(Casi nada recuerdo de este cuento, excepto que salió de las lecturas de Poul Anderson, cuyo estilo intenta imitar. Es evidente, también, el recurso de la narración en dos planos, tomado de La Historia Interminable de Michael Ende, al que admiro intensamente. De Anderson sale, además, el carácter dual del protagonista, encargado de una tarea triste pero insoslayable y en continua lucha con su consciencia.
El “oso” es Ursus, palabra antecesora de Arturo; es, en suma, el Rey Arturo. El dragón debía haber sido un águila romana; pero me pareció menos sugestiva. Los monos que chillan con desesperación provienen de Rudyard Kipling, al igual que el templo en ruinas; algo hay, asimismo, del primer Lord Dunsany. Creo que la idea de los hombres-dioses dotados de superpoderes me vino de Lord of Light, mi novela preferida de Roger Zelazny.

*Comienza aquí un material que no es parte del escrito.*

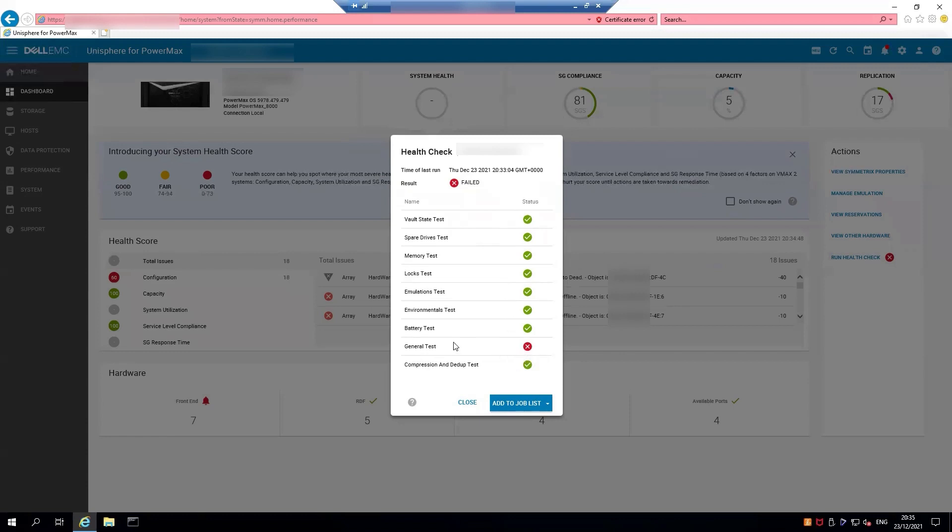If you see any of your tests have failed with a red X on them, please call into Dell EMC support and open up a support request. We can log in remotely and check on the array. Thank you very much for your time today.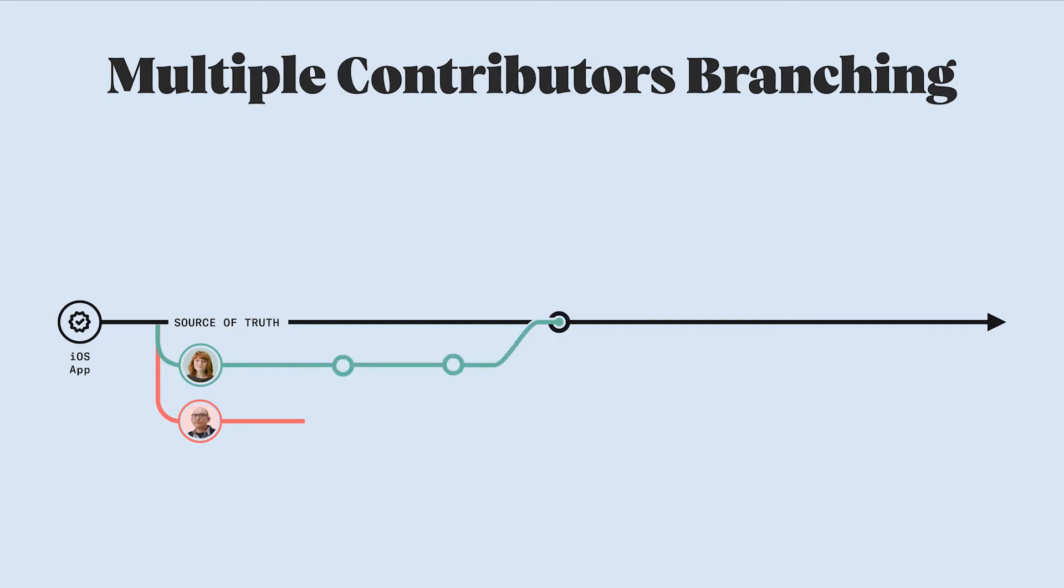Now let's say that Mika makes some updates to the copy on the sign-in pages and merges her changes back into the master. There are two important pieces that happen at this point. First, when Mika merged her branch, she actually updated the master files because the changes she made in her branch became part of the master.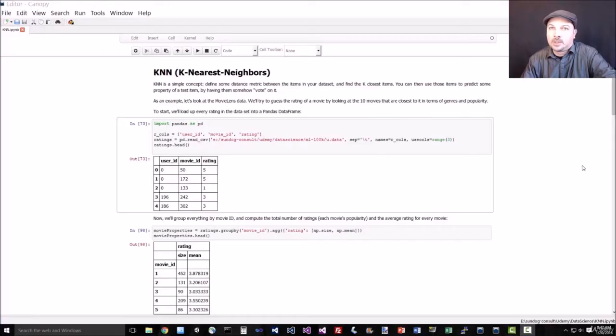Alright, we're going to actually take the simple idea of KNN, k-Nearest-Neighbors, and apply that to a more complicated problem, and that's predicting the rating of a movie given just its genre and rating information. So let's dive in and make that happen.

La escena final, el paralelismo entre la guerra celestial y la terrenal, remite a uno de los Mabinogion citado por Borges y que había leído hacía poco, donde dos reyes juegan al ajedrez y cada movimiento se traduce en una pérdida o ganancia en el campo de batalla. Per se, este vínculo entre un juego y el mundo real dio a luz a otro cuento, El capricho del califa; es el secreto detrás de Alicia a través del Espejo, de Carroll -y de su insólita reedición cinematográfica a cargo de Kevin Smith, Dogma.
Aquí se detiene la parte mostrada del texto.